Building Brighter Futures
A groundbreaking study led by Jenny Gore aims to expand educational and career opportunities for young people.
What do you want to be when you grow up? It is an age-old question but what intrigues leading Faculty of Education and Arts (FEDUA) researcher Professor Jenny Gore is the array of complex forces that influence a child's answer to this seemingly simple inquiry.
Gore, the Head of the School of Education at the University of Newcastle, is leading a significant four-year study, starting in 2012, that will look at how career aspirations are formed in the middle years of schooling.
The novel project will be the first to seek a comprehensive insight into the factors that shape children's career and education ambitions from the ages of 10 to 14.
"Some research has been done on students in the upper secondary years but we are responding to an increasing awareness that kids' aspirations are actually shaped much earlier than that," Gore explains.
The information will assist educators in developing programs to expand children's awareness of the range of opportunities available to them.

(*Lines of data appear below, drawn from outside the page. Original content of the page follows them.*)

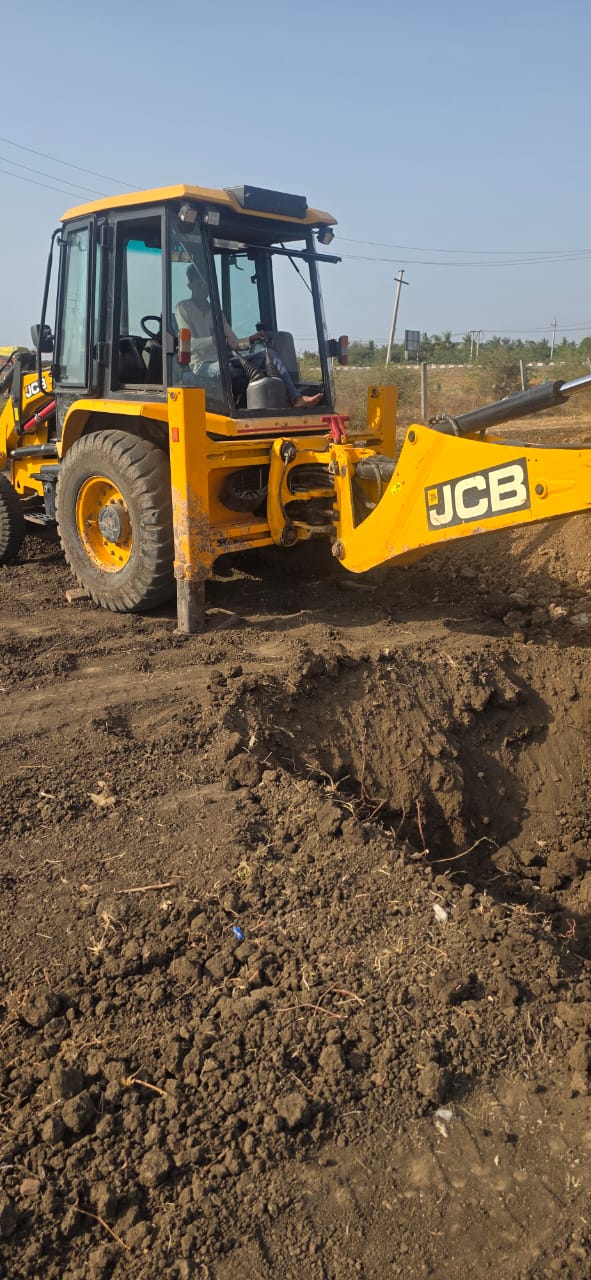 JCB BACKHOE 3DX 2024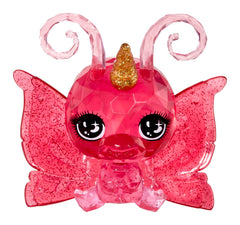 Rainbow High Littles Astrid interchangeable wings expand storytelling possibilities.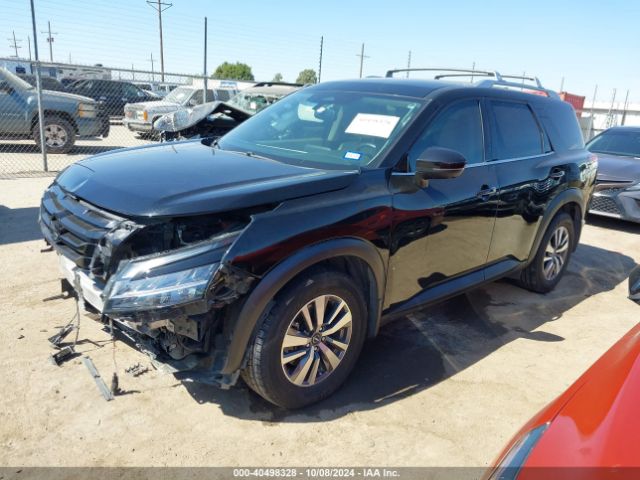 5N1DR3CC7NC226813 Nissan Pathfinder Sl 4wd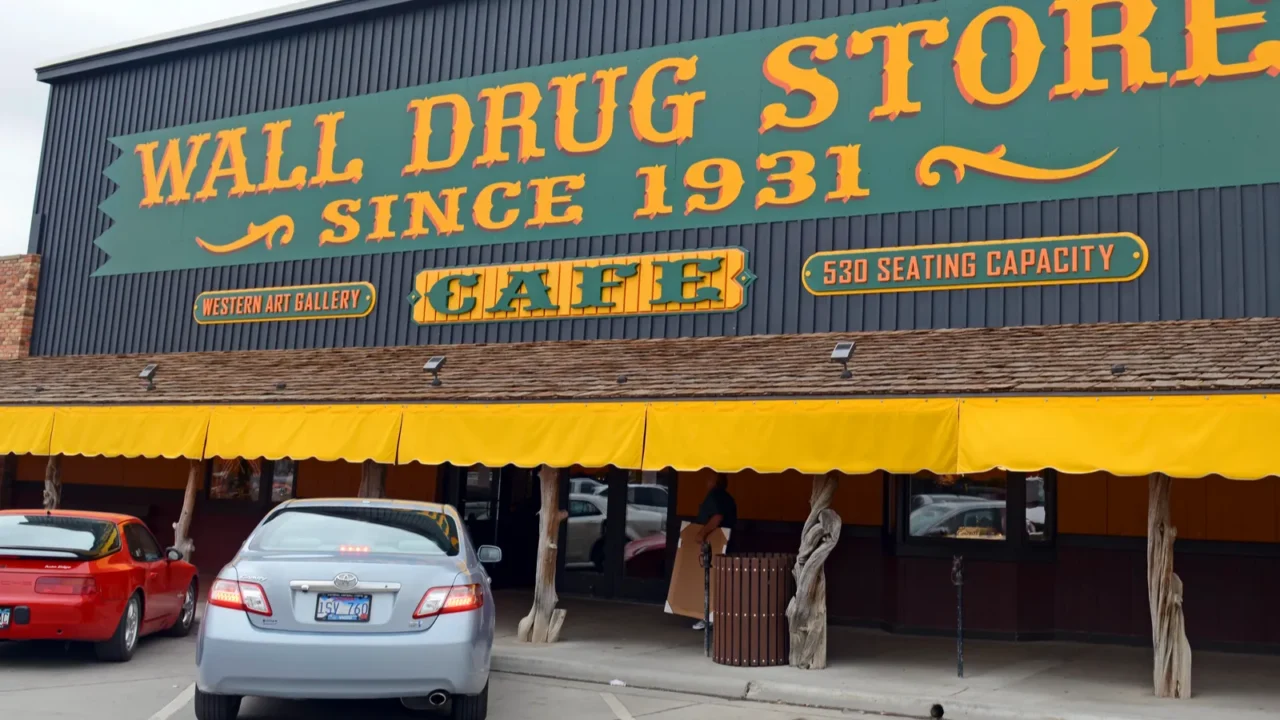 wall drug store wall south dakota
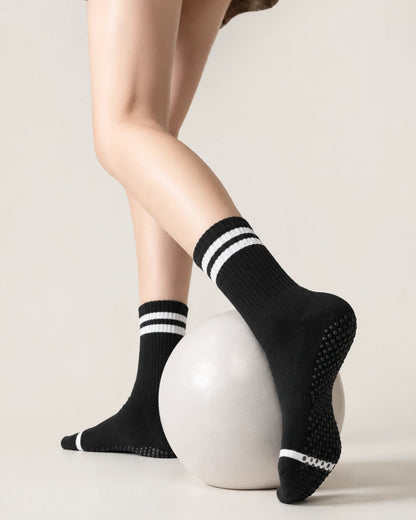 The Classic Grip Socks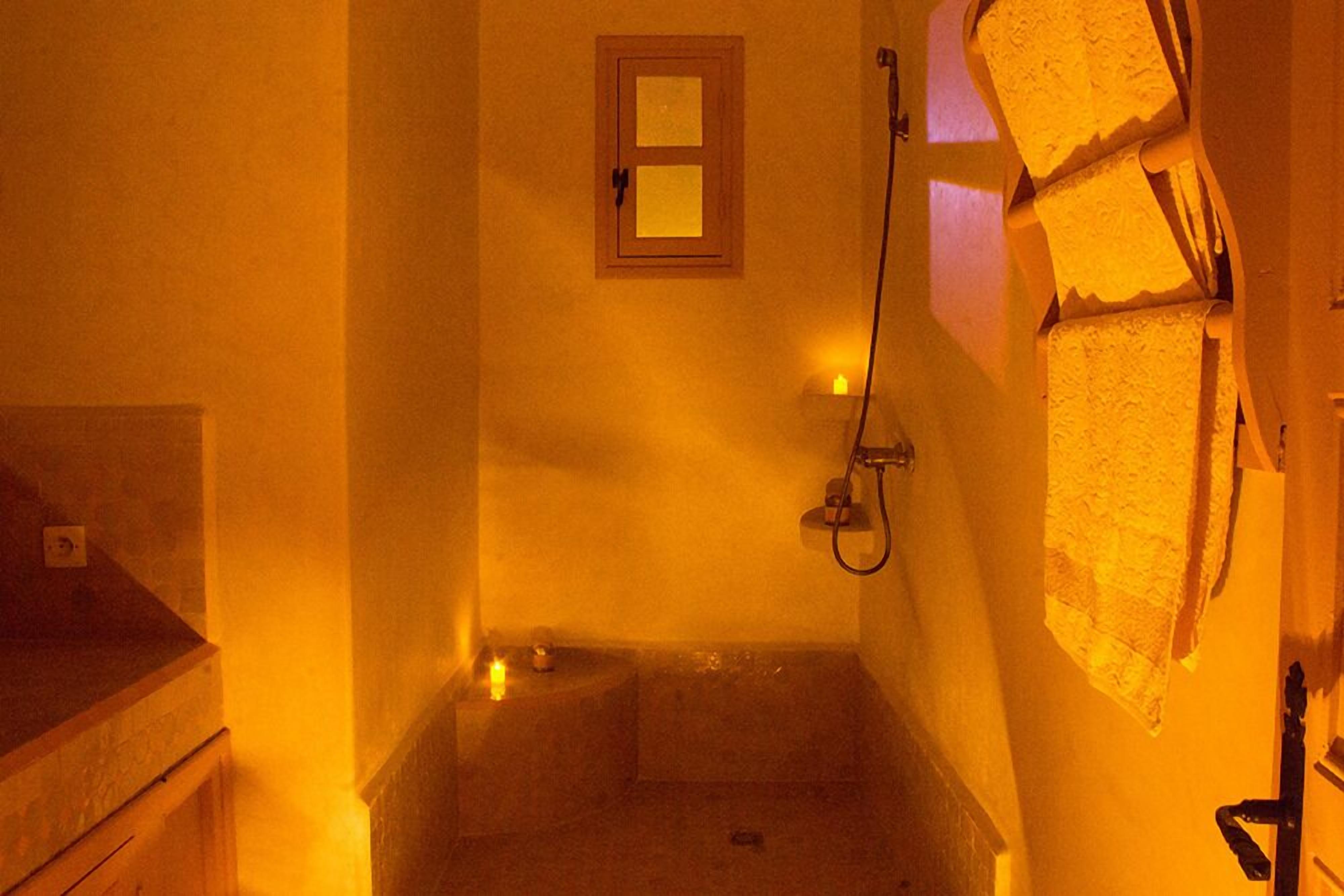 Comfort Twin Room, 2 Katil Bujang (Single), Private Bathroom, Pool View | Bilik Mandi | Pancuran mandi, kelengkapan dandanan diri percuma, pengering rambut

FEDUA researchers Professor James Albright, Dr Erica Southgate, Dr Kathryn Holmes and Professor Max Smith are co-investigators on the project, which has attracted more than $1 million in funding from the Australian Research Council (ARC) and the NSW Department of Education and Training.
The team will follow children from state schools in three regions - the North Coast, Hunter/Central Coast and Sydney's North Shore - tracking them over four years to ascertain how their aspirations develop or change over time.
The regions have been selected to reflect a range of socio-economic and cultural backgrounds and the experience of children from disadvantaged communities will be a strong focus of the research.
"The vast majority of parents, regardless of their background, want their kids to have access to meaningful career and educational opportunities but they don't all know how to make that happen," Gore says.
"Some children develop a narrow view of their choices because they are not exposed to other possibilities through the experiences of friends, family and community. We want to know how their choices are made, how we can open up a broader range of possibilities."
A former high school teacher who has been working in the tertiary sector for more than 20 years, Gore has made significant contributions to pedagogical reform nationally. With University of Newcastle colleague Associate Professor James Ladwig, she was a key member of the research team that generated the concept of Productive Pedagogy. They later co-authored the NSW model of pedagogy, known as Quality Teaching, a landmark framework for teacher education and professional development that has also been adopted by the ACT.
She is also chief investigator on another major ARC-funded project, with colleagues Dr Wendy Miller and Julie Bowe, researching the effective implementation of pedagogical reform. It aims to help teachers translate the research on quality teaching into classroom practice and is being undertaken in partnership with a Sydney-based education office.
Gore has a strong sense of social justice and is driven by the goal of improving teaching and teacher education for the benefit of students in all schools.
"I work from the premise that all teachers can deliver quality teaching, regardless of their environment, if you give them the conceptual tools to do it," she says.
"What is really gratifying is getting feedback from teachers we have worked with who say they were dragging themselves through the school gates every morning but now can't wait to get into the classroom and try out the new lessons they have prepared. They talk about being reinvigorated and re-energised and that is really exciting."